Sie hätten einfach angefangen, sagt Ljung. Viele andere würden den Fehler machen und sich in Vorvorbereitungen verzetteln. Stattdessen wollten die Soundcloud-Gründer so bald wie möglich eine Seite vorweisen können. "Wir haben superschnell was zusammenprogrammiert", sagt Ljung, "weil wir das gemeinsam mit den Nutzern entwickeln wollten." Sie haben von Anfang an auf die Reaktionen der Leute reagiert, versucht Wünsche umzusetzen, Anregungen aufzunehmen. Andere würden stattdessen viel zu lange alleine vor sich hin entwickeln, sagt Ljung, um dann irgendwann das Ergebnis zu präsentieren, das sie für perfekt halten - mit dem andere aber manchmal gar nichts anfangen können. Sie wollten auch nicht um jeden Preis wachsen, wie manche sozialen Netzwerke, deren Geschäftsmodell auf immer mehr neuen Nutzern basiert, mit denen sich dann irgendwann vielleicht etwas machen lässt.

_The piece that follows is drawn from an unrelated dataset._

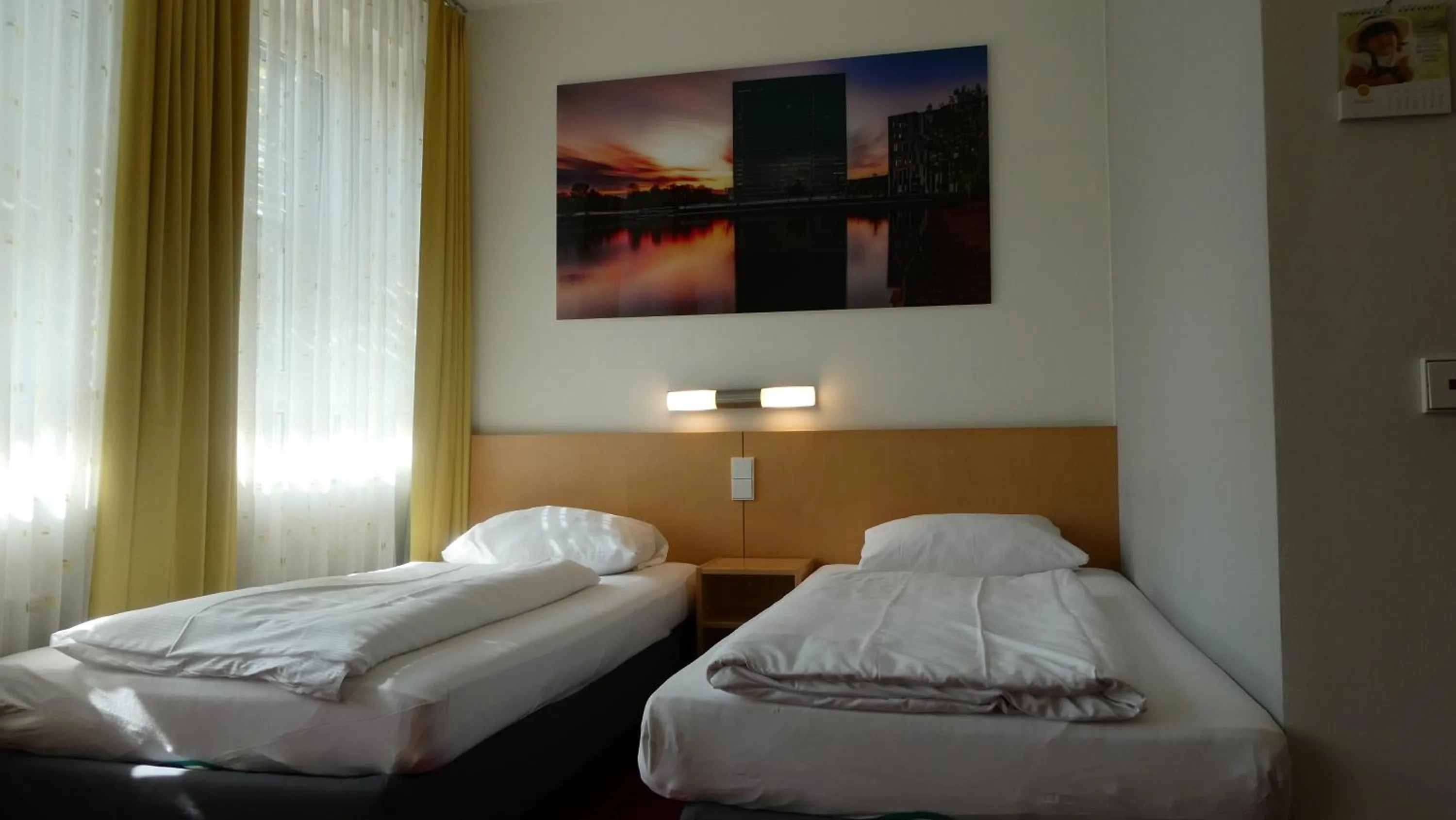 Photo of the whole room, Bed in CVJM Düsseldorf Hotel & Tagung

Ljung und Wahlforss sind mit Soundcloud im Oktober 2008 richtig gestartet, mitten in die Krise hinein. Vorher hatten nur eingeladene Nutzer mitgemacht. Es war ein guter Start. Aber sie hätten aus Angst vor der Krise auch unglaublich viel schneller gearbeitet, sagt Ljung. Tag und Nacht. Er hat in dieser Zeit oft müde Menschen getroffen. Sie wollten ihre Start-up-Projekte alle so weit wie möglich vorantreiben, um irgendwie noch an Risikokapital zu kommen. "Das ist im Augenblick ungeheuer schwierig", sagt Ljung. "Natürlich werden einige eingehen." Er kennt auch welche, die umstrukturieren mussten, Abstriche machen. Die Krise, stellt er fest, hat eine Vermehrung der Pro-Accounts bewirkt. Auf einmal versuchen doch viele, für bestimmte Services Geld zu nehmen.
Beim Likemind-Treffen im St. Oberholz halten auch das einige für eine heilsame Entwicklung. Wenn Leute tatsächlich für Dienste bezahlen, zeige das schließlich, dass sie gebraucht werden. Wie bei Soundcloud. Über die Erfolgsstory schütteln sie dann die Köpfe, erstaunt und fasziniert. Es ist ein Beispiel, das Hoffnung macht, auch Markus Pohl und Less than Ed. Im Grunde sagt Pohl, gelte nach wie vor, was einem der Papa früher gesagt habe: Wenn du wirklich gut bist und willst, dann wird das schon. In der IT-Mitte wie auch überall sonst.